━━━━━ DATA PROVIDED ━━━━━
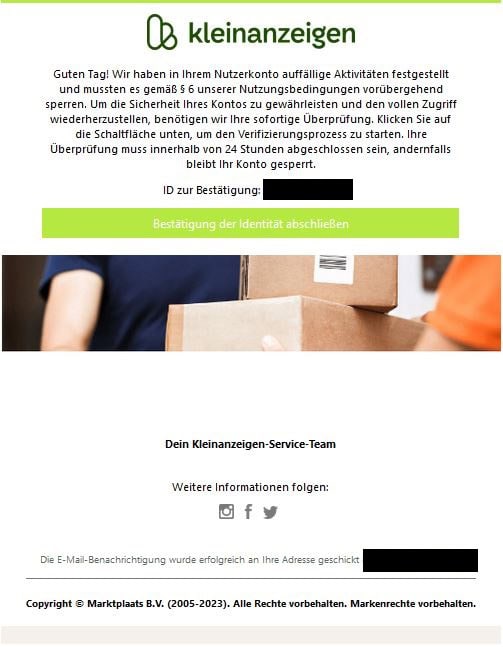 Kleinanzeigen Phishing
━━━━━
━━━━━ DATA PROVIDED ━━━━━
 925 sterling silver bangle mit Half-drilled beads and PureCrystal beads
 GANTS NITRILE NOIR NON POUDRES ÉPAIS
━━━━━
━━━━━ DATA PROVIDED ━━━━━
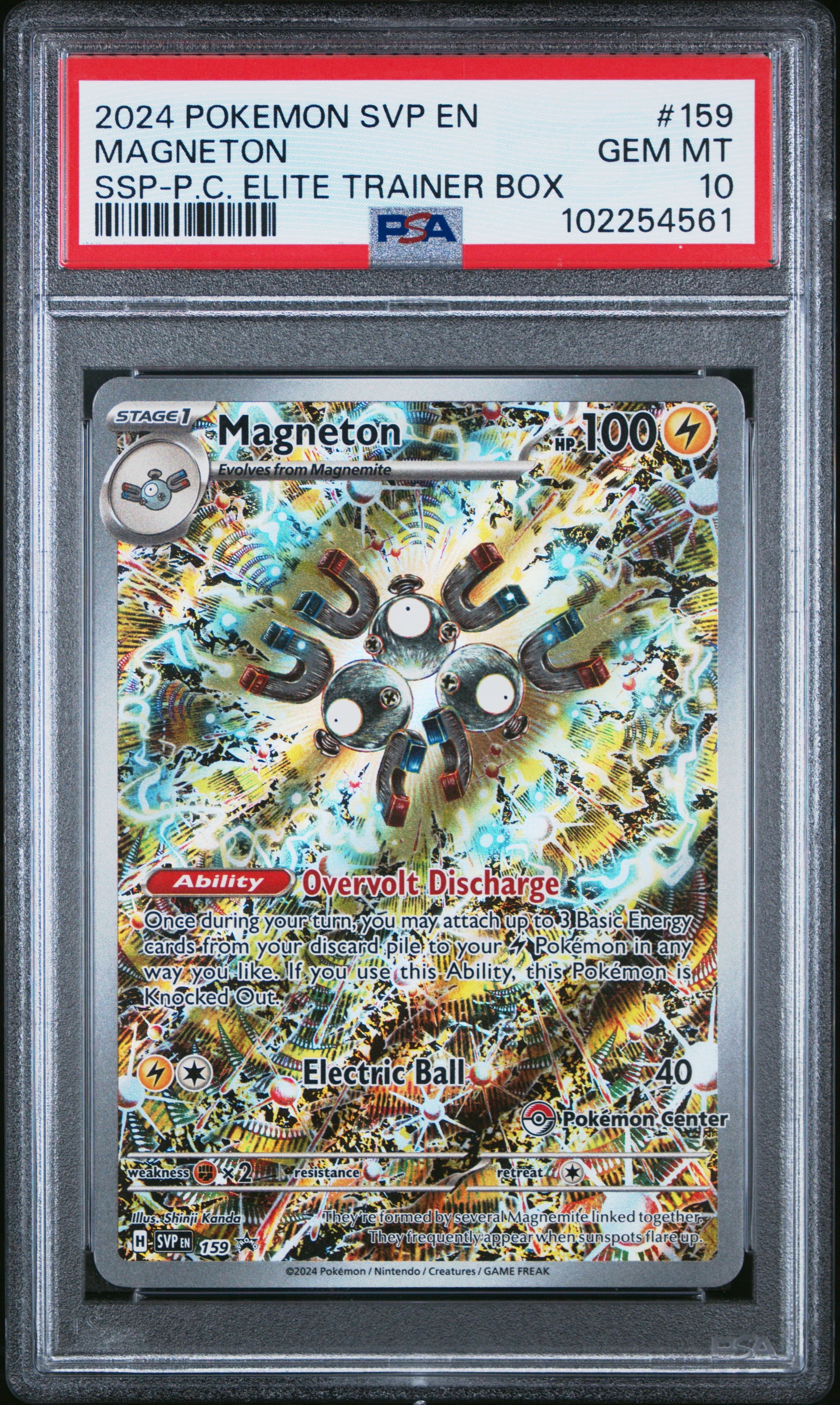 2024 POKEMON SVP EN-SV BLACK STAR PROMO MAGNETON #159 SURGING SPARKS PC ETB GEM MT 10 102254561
━━━━━
| EXERCISE DETAILS |
Within the material above, transcribe exactly the lines that run from the line holding "925 sterling silver" through the line holding "GANTS NITRILE NOIR NON POUDRES ÉPAIS".

| EXPECTED ANSWER |
 925 sterling silver bangle mit Half-drilled beads and PureCrystal beads
 GANTS NITRILE NOIR NON POUDRES ÉPAIS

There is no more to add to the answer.